Data extract Start Marker

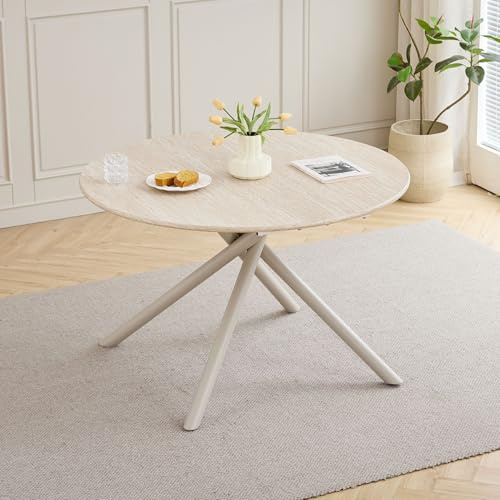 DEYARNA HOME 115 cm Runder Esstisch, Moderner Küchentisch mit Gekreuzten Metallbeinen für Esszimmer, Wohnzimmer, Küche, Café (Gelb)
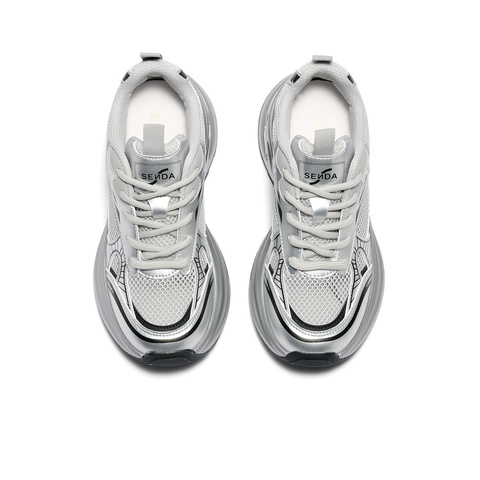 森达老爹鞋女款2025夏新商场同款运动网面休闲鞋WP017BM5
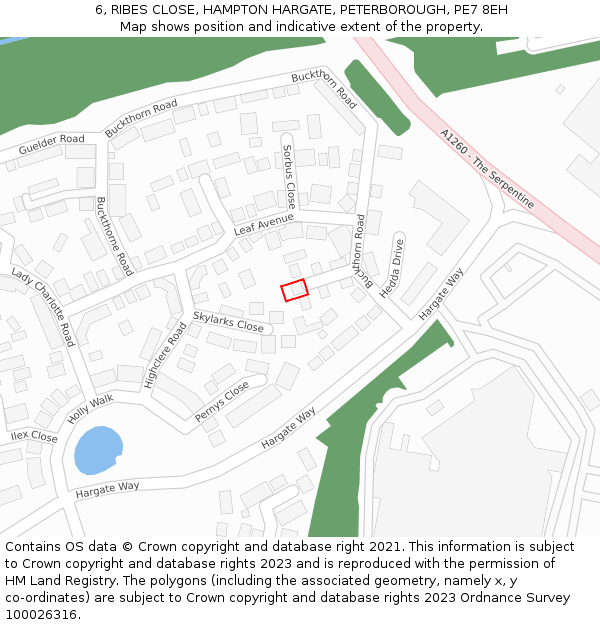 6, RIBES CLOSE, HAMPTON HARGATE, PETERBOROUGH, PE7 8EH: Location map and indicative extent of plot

Data extract End Marker

[Task description] Find the line containing "森达老爹鞋女款2025夏新商场同款运动网面休闲鞋WP017BM5" in the listing above. Please restate word for word that line through the last one, leaving out the pictures.

[Solution]
 森达老爹鞋女款2025夏新商场同款运动网面休闲鞋WP017BM5
 6, RIBES CLOSE, HAMPTON HARGATE, PETERBOROUGH, PE7 8EH: Location map and indicative extent of plot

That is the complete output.